Quelle est la création de valeur qu'a en vue La Baie?
Allons-y d'un petit calcul.
La société prédit que son BAIIA augmentera "dans la basse fourchette à deux chiffres" dans les prochaines années. De façon conservatrice, postulons une croissance annuelle composée de 11%. C'est un bénéfice qui passerait donc de 587 M$ (Saks et La Baie combinées) à près de 1G $ dans cinq ans.
Elle voit aussi aussi 100 M$ en synergies potentielles, dont 85% proviendront de l'arrière boutique ( TI, systèmes de gestion des stocks, finance, personnel juridique, etc.). C'est donc un BAIIA qui grimpe à 1,1 G$.

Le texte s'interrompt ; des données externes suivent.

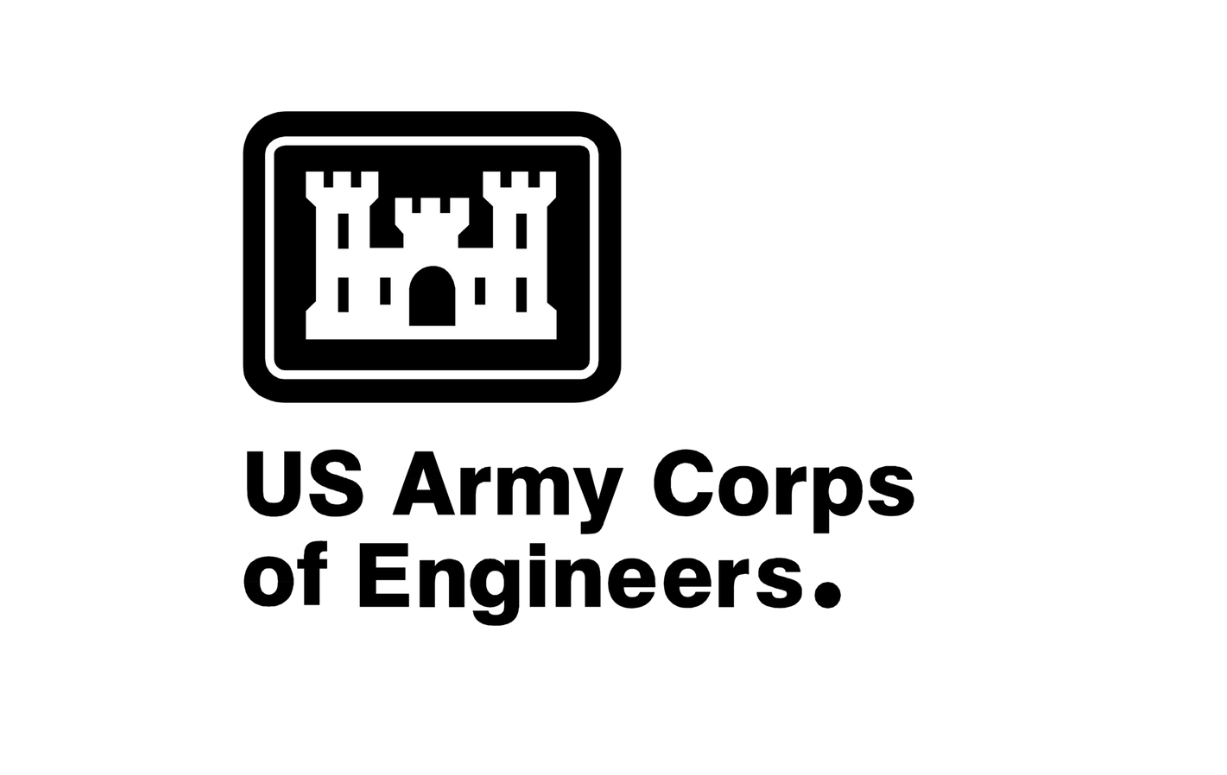 JBER Cooperative Agreements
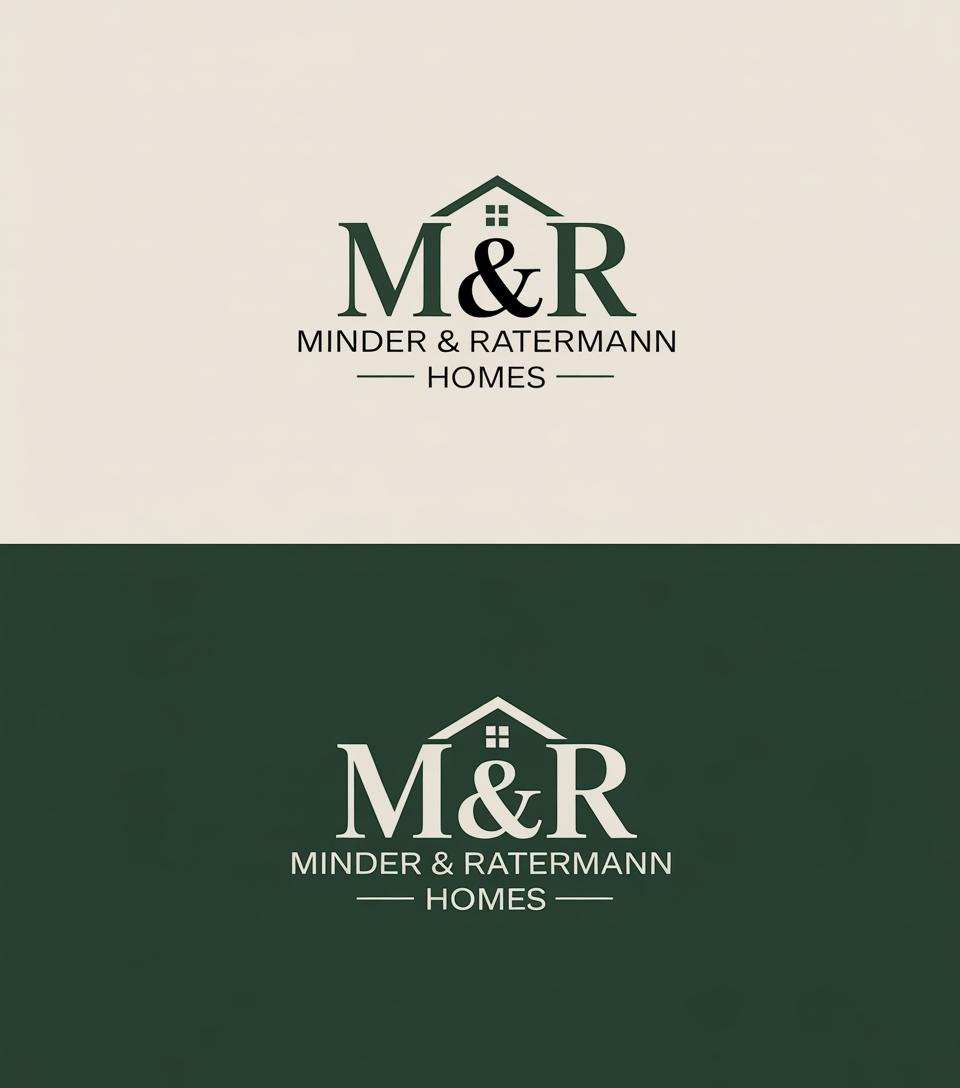 Logo Design by Pixel Rashida for this project | Design #35890897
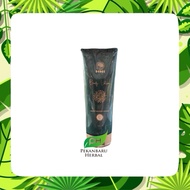 HNI MOISTURIZING GEL & BODY LOTION/HNI HPAI SKIN MOISTURIZER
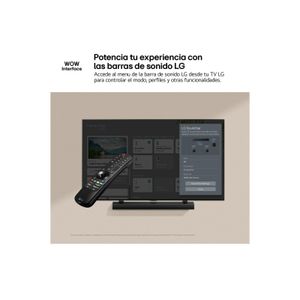 65UT81006LA.AEU-Galeria-14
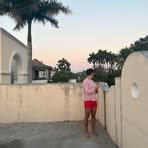 Matthew Helmuth - Facebook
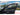 91CM Tint folie 20% - xwrapshop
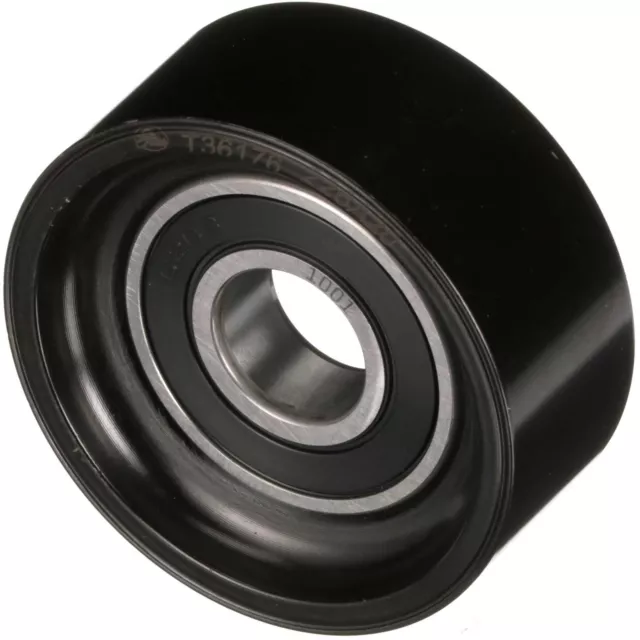 Galet Enrouleur (Courroie D'accessoire) Renault Laguna Ii 1.9 Dci,Clio Ii 1.6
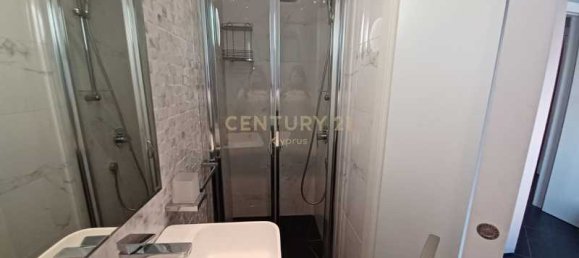 Вилла с 7 спальнями в Колосси, Кипр № 18931 13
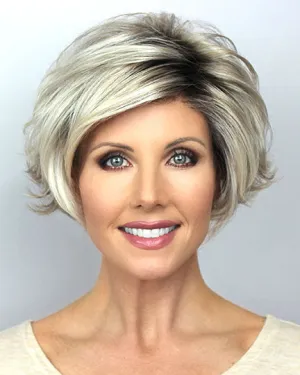 Accessories_Henry Margu_Wigs Carmen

L'acquisition de Saks survient à 10 fois le BAIIA. On ne retiendra pas ce multiple, qui en est un d'acquisition. Optons plutôt pour un multiple de 8,5, niveau auquel s'est régulièrement négociée l'action de Hudson Bay, de même que celle Saks.

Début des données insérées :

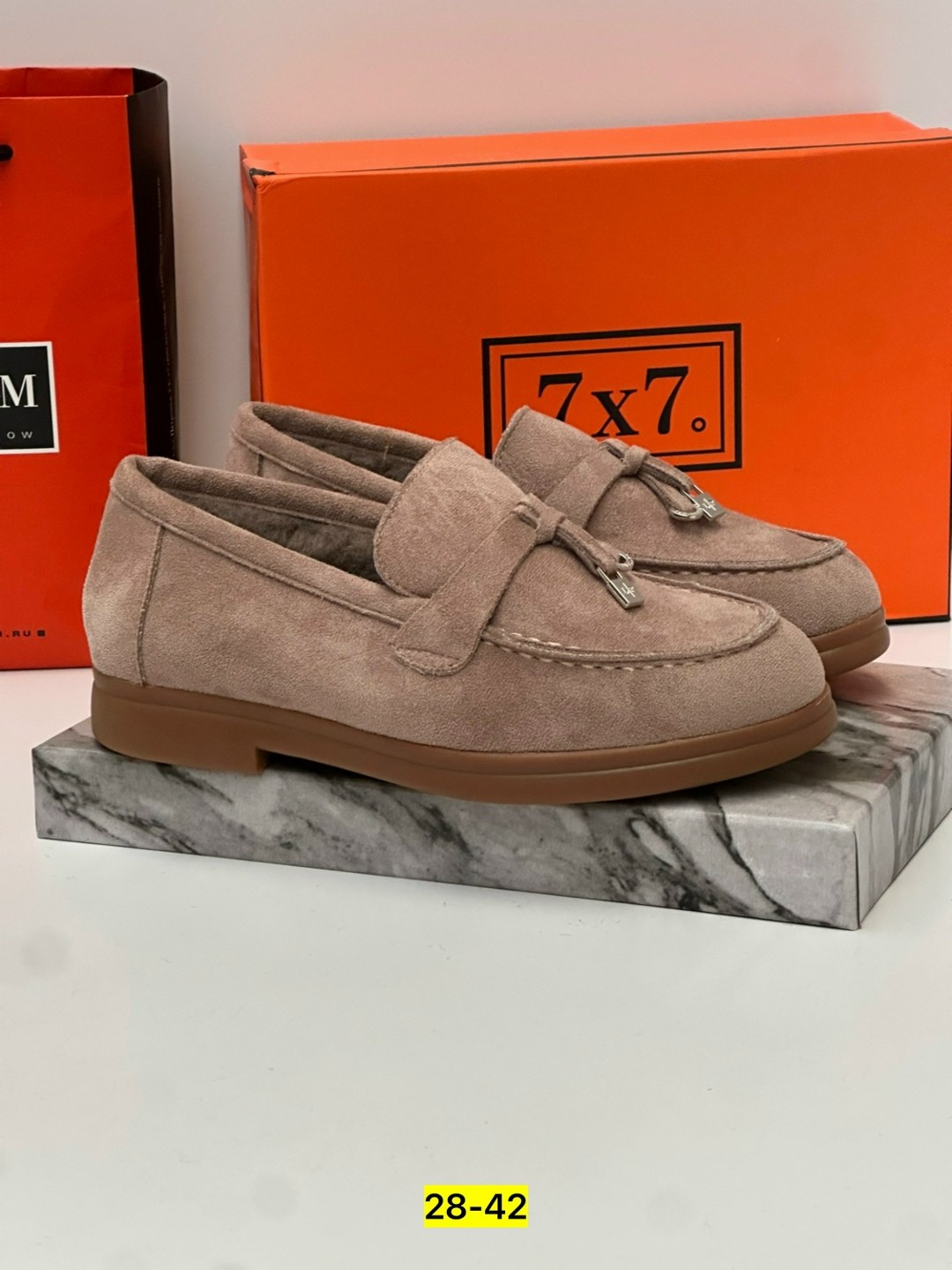 лоферы замш,,лоферы замшевые,замшевые мокасины лоро пиано,лоферы женские замшевые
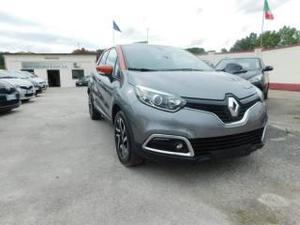 Renault cabstar dci 8v 90 cv edc s&s energy intens navi
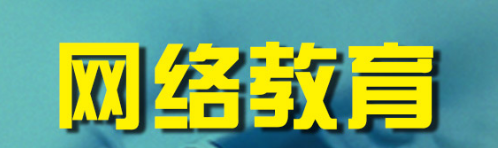 �����μ����������ԭ������Щ��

On ajuste la dette en fonction de l'objectif espéré de 2,5 fois le BAIIA. On ajoute les nouvelles actions émises.
Résultat: dans cinq ans, si les objectifs sont atteints, et que les taux d'intérêts n'ont pas trop grimpé, le titre de La Baie sera passé de 17$ à 35-36$.
Un doublé, ou, si l'on préfère, un rendement annuel composé de 15%.
C'est un signal d'investissement fort intéressant. Et c'est sans doute pourquoi Teachers est au capital.
Quel est le plan de match?
Quel est le plan de match?
Évidemment, pour que cette valeur soit créée, il faut que le plan de match fonctionne.
Quel est ce plan?
En voici les grandes lignes.
-La Baie compte ouvrir sept nouveaux établissements Saks 5th Avenue au Canada, et 25 "outlets" (Off 5th), des magasins à escompte où s'écoulent à meilleurs prix les stocks qui n'ont pas trouvé preneurs dans les plus grandes surfaces. À titre de comparaison, Saks compte 41 établissements principaux et 67 outlets aux États-Unis. La direction dit vouloir rapidement entrer au Canada, mais l'horizon de temps pour l'ouverture de tous les établissements n'a pas été précisé.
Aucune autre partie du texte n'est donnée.